Phra Pathom Chedi, on coming toward the city, the first glimpse of towering Phra Pathom Chedi is over powering. It is one of the largest Chedis in the world and in Thailand, by far the most holy of all Buddhist structures. Reaching to sky for just half and inch less than 380 feet, the dome shines like pure gold in the sunlight.
The highly glazed tiles covering the dome are golden brown in color and were brought from China.
At the four points of the compass in the outer courtyyard are four Viharas (halls) containing image of Buddha in various postures. The Eastern Vihara shows the image of Buddha beneath a delicately painted. Pho tree which covers the entire wall behind the image and is very unusual. The inter room is a Royal Chapel containing an altar where the King pays homage.
The Southern Vihara shows the image of Buddha protected by a serpent. The Western Vihara contains the image of Buddha in a reclining position, just before his death, surrounded by disciples, and an inner room contains yet another reclining image. The Northern Vihara, directly infront of the entrance and across from the frame building where the guides are located, contains a standing image Buddha. The ashes of King Vajiravudh are buried at the base of this image.
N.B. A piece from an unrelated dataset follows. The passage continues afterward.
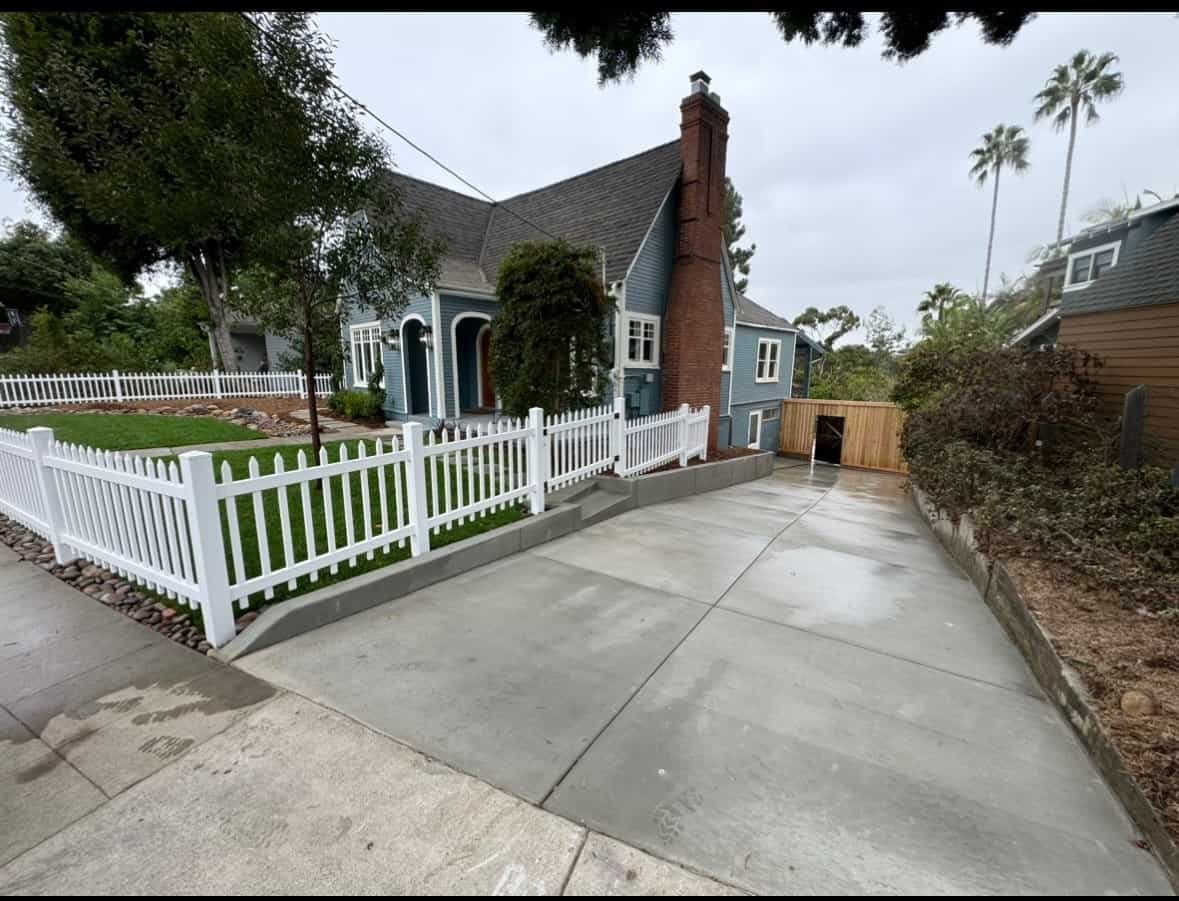 Residential driveway with clean concrete surface and landscaped yard.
The Chedi, from the base, is a breath-taking sight. The first original structure, on this same site and now inside the Chedi, was built. It is believed by indianized Mon people and resembled the Indian Stupa of the third century era of King Asoke. During his reign, the first Buddhist Saints were send to spread Buddhism in the Kingdom of Suwannaphum, the first capital of that Kingdom being located on the site of present-day Nakhon Pathom.
Later, when the area came under Khmer control, the Stupa was repaired and over-built with a Brahmin Prang, 130 feet high. During the reign of King Mongkut (Rama IV) in the middle 1800's, it was again over-built in its present Chedi-style structure. A replica of the original Stupa stands south of the present Chedi.
The Museum, nowadays at Rongdharm, contains a wealth of priceless relics. Many of the stone carvings and other articles are thousands of year old and much of it was found in and around Nakhon Pathom or the jungle nearby.
While still a Buddhist monk, King Mongkut had made a pilgrimage to Nakhon Pathom to visit the old ruined Prang. When he came upon the old structure he was deeoly impressed with the realization that this was the spot where Buddhism was first taught in Thailand. He thought undoubtedly there must be a Buddha's relic inside and he decided to have the Prang rebuilt. When he became King, he immediately ordered reparation commenced and the work started in 1853. He passed away before his dream of restoration came true but kings following him carried on the program.
An outer pavilion completely encircles a building, also circular, with the Chedi itself in the center. On the outside edge of the pavilion are mounds on which are growing the important trees connected with the life of the Buddha. One the inner side are small belfries spaced at intervals from which sweet-toned bells ring out from time. Stone images stand at attention before red lacquer moon-gate doors leading into the gallery. Other stones figures are carved to represent animals and some are the very old "Wheels of the Law" which were religious emblems prior to 143 B.C. when the images of Buddha were first carved. The Wheels were found in the immedidte area during excavations and prove, without a doubt, the age of the city.